**Problem details**
Starting at the line that contains "this 1024×683 image.", copy every line through the end of the records below exactly as written, leaving out pictures.

**Input for this task**
◆ ◆ ◆ ◆ ◆
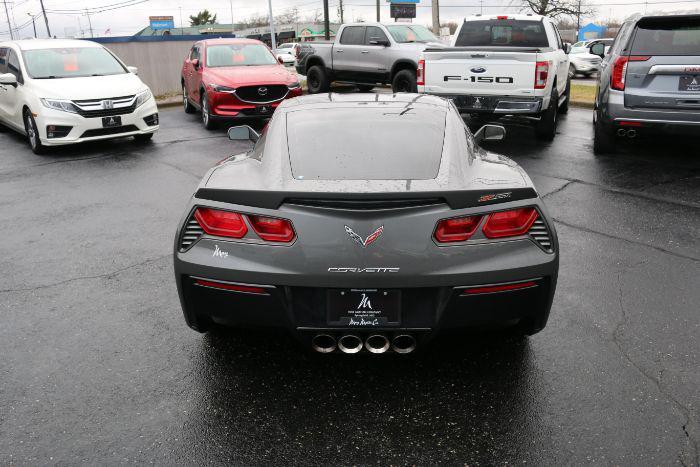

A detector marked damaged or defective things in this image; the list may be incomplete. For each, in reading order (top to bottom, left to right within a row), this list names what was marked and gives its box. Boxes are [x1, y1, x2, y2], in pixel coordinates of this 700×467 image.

pavement crack [556, 219, 696, 264]
pavement crack [0, 254, 173, 294]
pavement crack [616, 262, 696, 466]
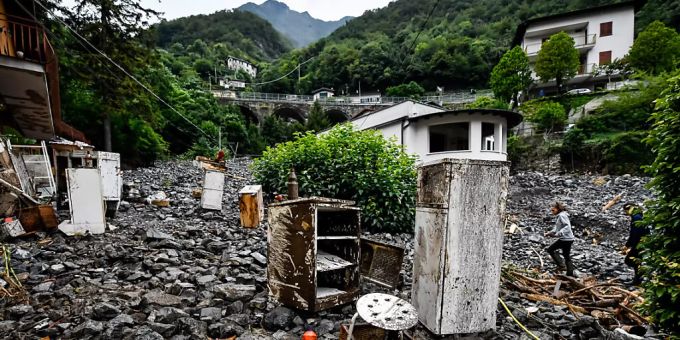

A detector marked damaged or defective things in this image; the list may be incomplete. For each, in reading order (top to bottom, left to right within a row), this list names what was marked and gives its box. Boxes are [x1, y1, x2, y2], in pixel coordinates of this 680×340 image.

rusty metal cabinet [266, 197, 364, 310]
rusty metal cabinet [412, 159, 508, 334]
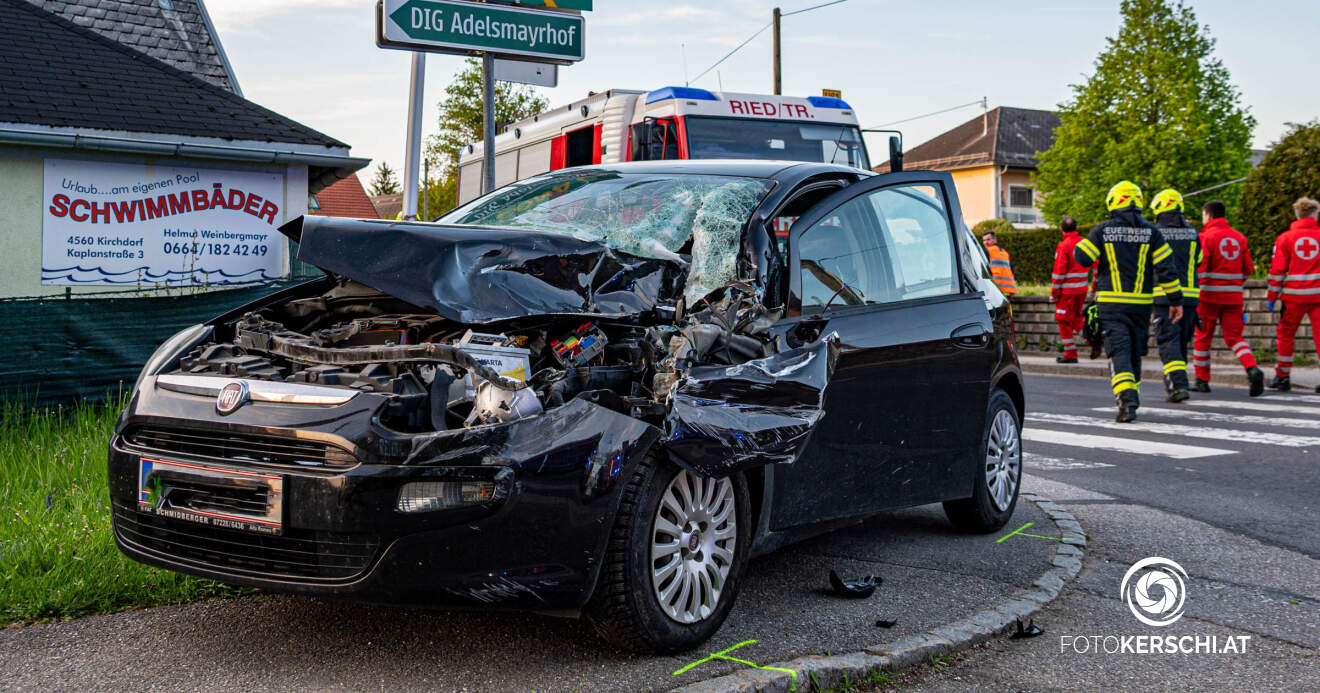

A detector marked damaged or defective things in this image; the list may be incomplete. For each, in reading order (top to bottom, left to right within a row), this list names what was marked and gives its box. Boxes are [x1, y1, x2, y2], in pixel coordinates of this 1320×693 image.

crushed car hood [278, 216, 672, 324]
shattered windshield [444, 172, 772, 302]
car engine exposed [165, 276, 784, 432]
severely damaged black fiat [111, 159, 1020, 652]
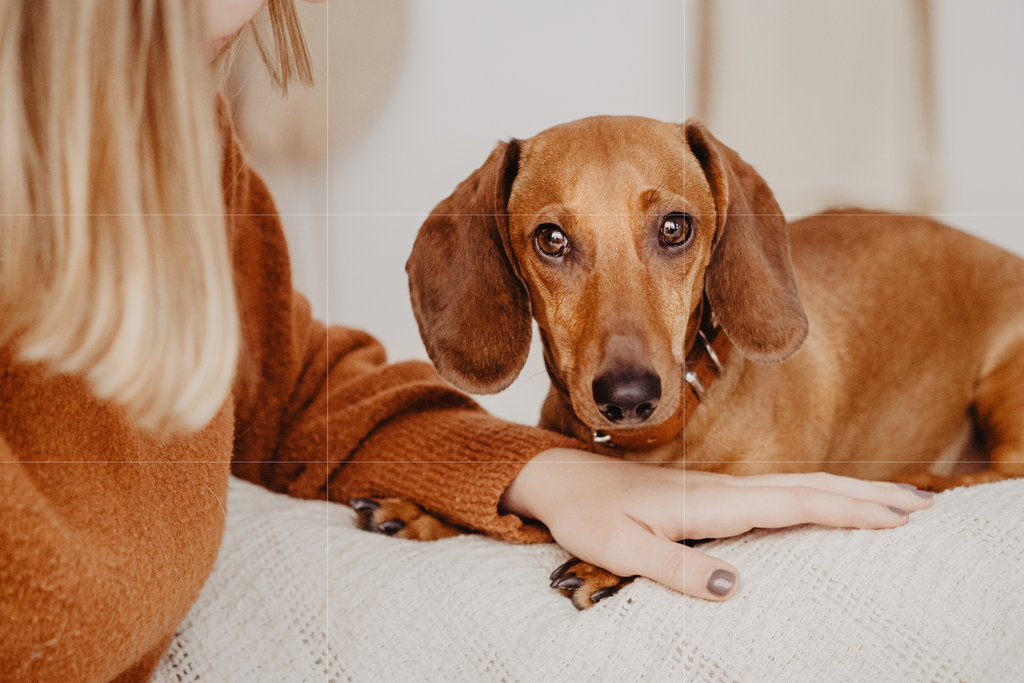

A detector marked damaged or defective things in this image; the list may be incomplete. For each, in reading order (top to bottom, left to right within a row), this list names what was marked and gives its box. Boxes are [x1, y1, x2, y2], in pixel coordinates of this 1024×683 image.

rust knit sweater [0, 118, 577, 683]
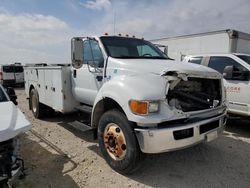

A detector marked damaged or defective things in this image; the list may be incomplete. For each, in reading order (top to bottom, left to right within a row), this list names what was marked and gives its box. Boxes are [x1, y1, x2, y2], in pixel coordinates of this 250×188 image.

crumpled hood [109, 57, 223, 78]
front grille damage [167, 77, 222, 112]
crumpled hood [0, 102, 31, 142]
◆ ◆ ◆ ◆ ◆
**Exercise answer**
A detector marked damaged or defective things in this image; the list may be incomplete. For each, in reading order (top to bottom, left to right within a row), this list names what was marked and gives its box. Boxes are [x1, y1, x2, y2], in pixel coordinates of this 1024×683 image.

rust knit sweater [0, 118, 577, 683]

A detector marked damaged or defective things in this image; the list may be incomplete. For each, in reading order (top to bottom, left to right within a row), this list names what was marked and gives its box. Boxes are [x1, y1, x2, y2], in pixel coordinates of this 250×188 image.

crumpled hood [109, 57, 223, 78]
front grille damage [167, 77, 222, 112]
crumpled hood [0, 102, 31, 142]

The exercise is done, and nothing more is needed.